I have this conspiracy theory, that the Naruto Shippuden movie Blu-rays are a pain for Manga. There is a risk of ever depleting returns the further you go in to a long running series, movie 5 will earn less than movie 3 and so on. I get the feeling that Manga are deliberately engineering a failure for this fifth movie on Blu-ray so that when it comes time for the sixth, they can turn around and say it’s DVD only, because movie 5 didn’t sell enough on Blu. There is an alternative of course, although you didn’t hear it from me. When it comes to Naruto, Manga use discs authored by Australia’s Madman Entertainment, and sure enough, there is a single disc Blu-ray release of Naruto Shippuden Movie 5 in Australia. It’s the same disc as this one, Region B compatible. You have to pay postage of course, and it’s just over the customs limit, but it still works out a smidge cheaper than the current best discount for this movie collection. You have the guilt of flying the thing halfway around the planet, but you do get just the disc you need, instead of that plus four discs you don’t.

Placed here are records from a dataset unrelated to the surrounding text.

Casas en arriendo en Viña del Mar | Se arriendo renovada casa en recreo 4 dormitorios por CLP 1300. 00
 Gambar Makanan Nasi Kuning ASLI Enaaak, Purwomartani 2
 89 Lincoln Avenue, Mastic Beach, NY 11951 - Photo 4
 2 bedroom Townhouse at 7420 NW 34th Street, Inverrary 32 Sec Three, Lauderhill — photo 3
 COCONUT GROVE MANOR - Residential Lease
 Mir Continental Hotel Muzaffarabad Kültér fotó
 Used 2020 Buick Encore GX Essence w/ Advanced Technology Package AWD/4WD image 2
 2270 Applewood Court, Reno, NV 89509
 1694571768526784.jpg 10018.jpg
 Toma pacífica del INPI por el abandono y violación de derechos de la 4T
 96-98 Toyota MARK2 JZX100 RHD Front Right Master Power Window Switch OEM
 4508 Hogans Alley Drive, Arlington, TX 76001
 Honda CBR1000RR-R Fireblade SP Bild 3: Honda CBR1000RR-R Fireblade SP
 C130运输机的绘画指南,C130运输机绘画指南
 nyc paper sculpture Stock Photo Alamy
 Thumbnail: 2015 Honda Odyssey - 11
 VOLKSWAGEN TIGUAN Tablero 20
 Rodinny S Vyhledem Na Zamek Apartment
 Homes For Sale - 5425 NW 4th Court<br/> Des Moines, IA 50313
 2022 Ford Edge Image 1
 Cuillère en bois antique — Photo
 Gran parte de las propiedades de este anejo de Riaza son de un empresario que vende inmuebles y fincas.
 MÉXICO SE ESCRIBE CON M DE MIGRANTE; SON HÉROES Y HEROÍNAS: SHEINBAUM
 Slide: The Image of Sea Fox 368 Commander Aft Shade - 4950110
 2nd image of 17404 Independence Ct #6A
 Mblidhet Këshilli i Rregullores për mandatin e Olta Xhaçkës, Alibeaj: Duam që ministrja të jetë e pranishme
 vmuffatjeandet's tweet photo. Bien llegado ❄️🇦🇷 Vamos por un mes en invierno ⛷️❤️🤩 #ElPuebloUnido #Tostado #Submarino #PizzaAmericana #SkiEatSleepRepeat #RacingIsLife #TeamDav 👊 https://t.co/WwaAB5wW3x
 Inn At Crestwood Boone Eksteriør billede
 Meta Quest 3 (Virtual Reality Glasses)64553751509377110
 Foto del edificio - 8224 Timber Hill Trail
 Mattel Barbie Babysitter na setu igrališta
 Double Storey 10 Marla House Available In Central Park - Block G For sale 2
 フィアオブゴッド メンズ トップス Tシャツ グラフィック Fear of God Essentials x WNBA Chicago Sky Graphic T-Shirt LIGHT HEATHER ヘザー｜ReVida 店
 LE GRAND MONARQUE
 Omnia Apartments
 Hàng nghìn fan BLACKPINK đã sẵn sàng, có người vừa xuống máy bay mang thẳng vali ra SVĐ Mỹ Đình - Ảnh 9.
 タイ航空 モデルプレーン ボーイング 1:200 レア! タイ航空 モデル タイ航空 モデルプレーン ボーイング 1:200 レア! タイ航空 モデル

Actually, that’s a real good question. How much oil is used in manufacturing one disc and flying it from Australia to the UK, compared to how much oil is used in manufacturing five discs and flying them from Poland (where the Technicolor plant that Manga uses for their discs is) to the UK? Even better idea; buy Manga’s pentalogy, then get your first four Blu-rays, mail them to Manga, with a ‘please recycle’ note on them. Let them deal with the consequences of their marketing decisions.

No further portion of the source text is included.